Opportunities in Mexico and certain assets

Even in a regional context that is not very encouraging, Rodríguez highlighted that Mexico presents some opportunities if the United States does not go into recession.

“Since the end of last year we have had a positive outlook for Mexico, especially because of the very cheap valuations. There are companies that have performed very well in terms of their quarterly results and much of that performance is not fully reflected in the share price,” he said.

In general, Rodriguez said that for Mexico he prefers to go for big-value companies, with low debt levels and that generate steady cash flow.

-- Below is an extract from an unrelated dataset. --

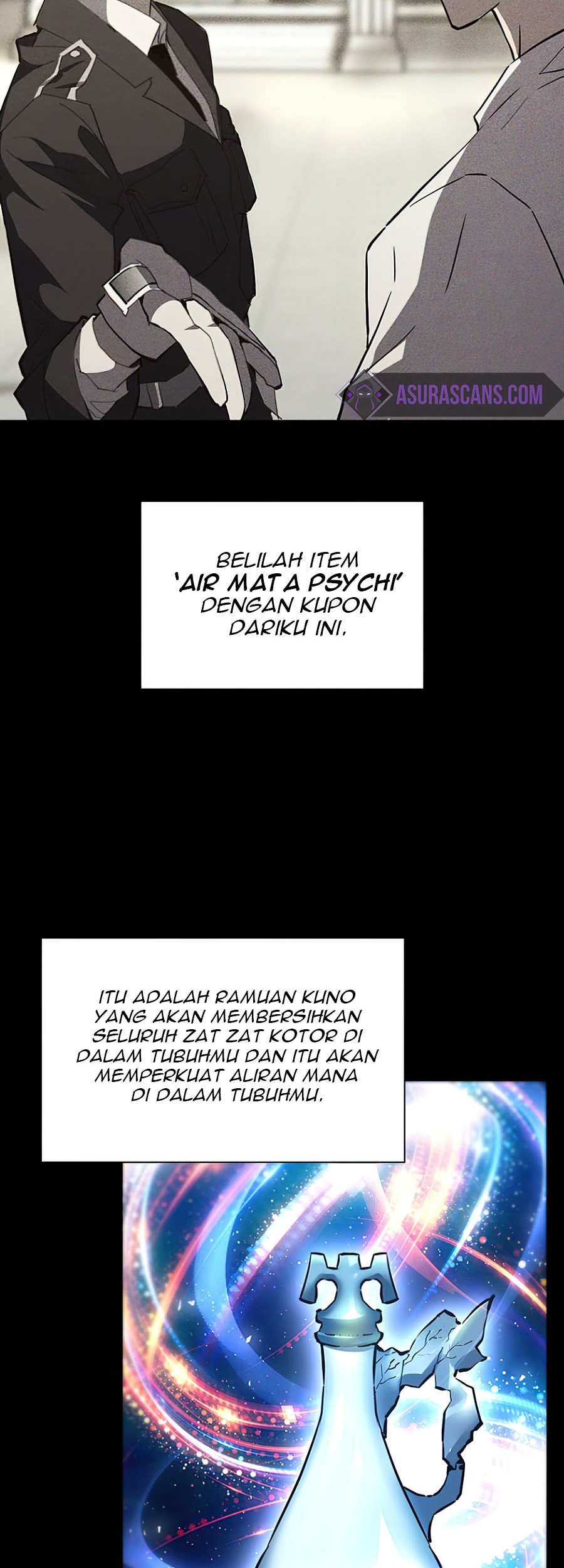 The Second Coming of Gluttony chapter 82 halaman 45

“We like quality equities,” he said.

He also noted that Mexican fixed income is “super attractive,” as the country has healthy finances, but warned that if the United States goes into recession “it will drag Mexico down”.

Governments move the economy in Latin America

Bolivian economist Mario Aguilar, senior portfolio strategist at Janus Henderson Investors, says that, in Latin America, government models “are what move the economy” and stated that, in this context, the emergence of governments with an unclear view of the market “can bring problems”.

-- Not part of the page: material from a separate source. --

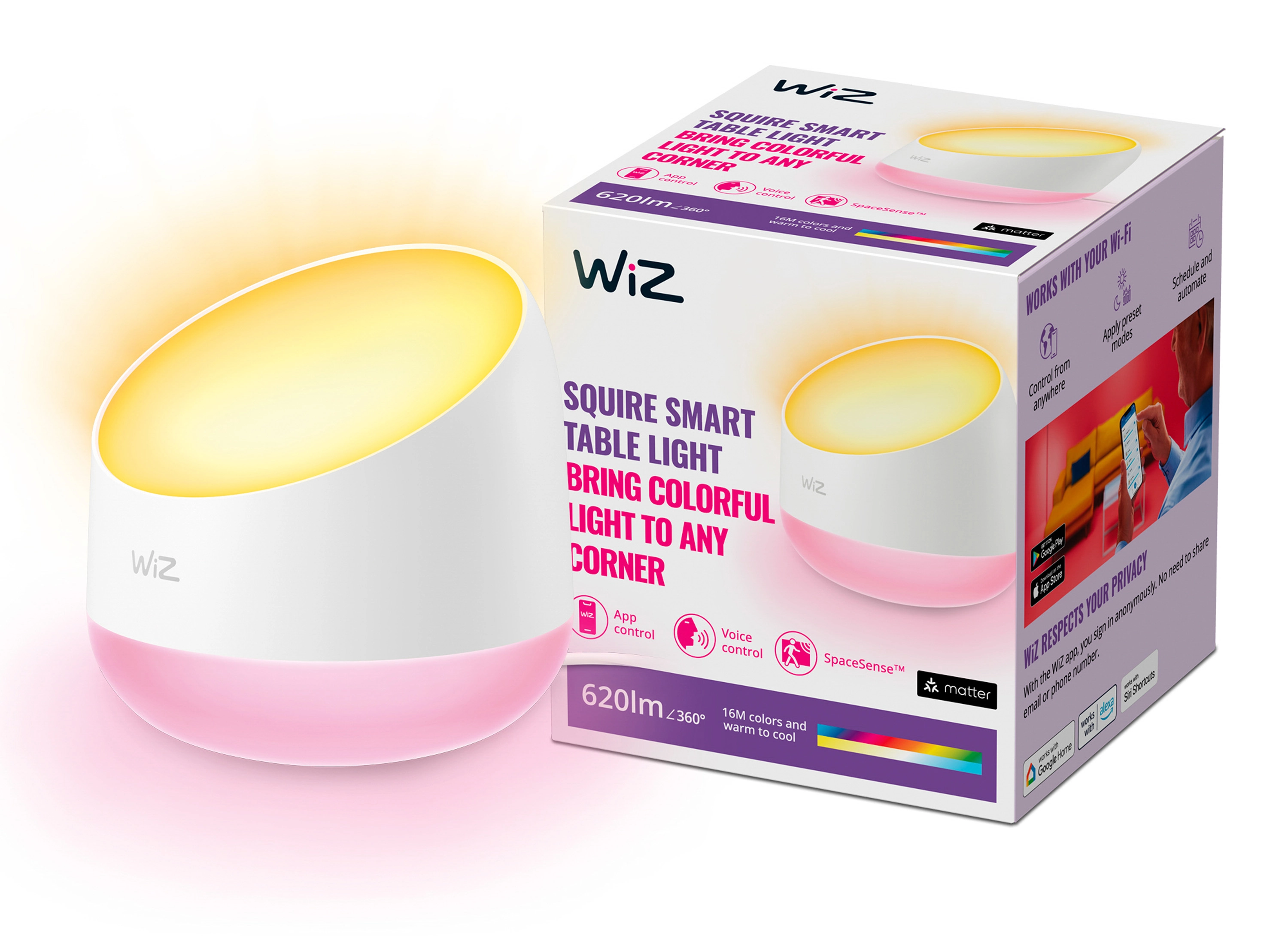 WiZ Squire RGB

Aguilar pointed out that Mexico could benefit from the supply chain problems in China and the technological friction between the Asian giant and the United States. In line with Rodriguez’s comments, Aguilar reflected that Mexico can benefit “if the United States produces more”.

Even so, the Janus Henderson executive believes that the region’s risk/reward ratio is very low for investors.

Regional ETFs

The region’s most representative exchange-traded fund (ETF), the ILF, now sits 32% below its price five years ago. In the last 12 months it has fallen by 7%.

The positive fact is that, so far in 2023, it has risen by almost 10%.

Fifty-five-percent of the dollars invested by the ILF are placed in Brazilian companies and 28% in Mexican companies, with 7% in Chile and 3.72% in Peru.

Meanwhile, the EWZ (the ETF of Brazilian stocks) has plummeted 33% with respect to five years ago and 15% in the last 365 days. Even so, in 2023 it has improved by almost 6%.

A different reading can be made of the EWW, the Mexican equity ETF. So far in 2023 it is up nearly 21% and has risen nearly 23% in the past year. In line with this, the current price is 24% higher than it was five years ago.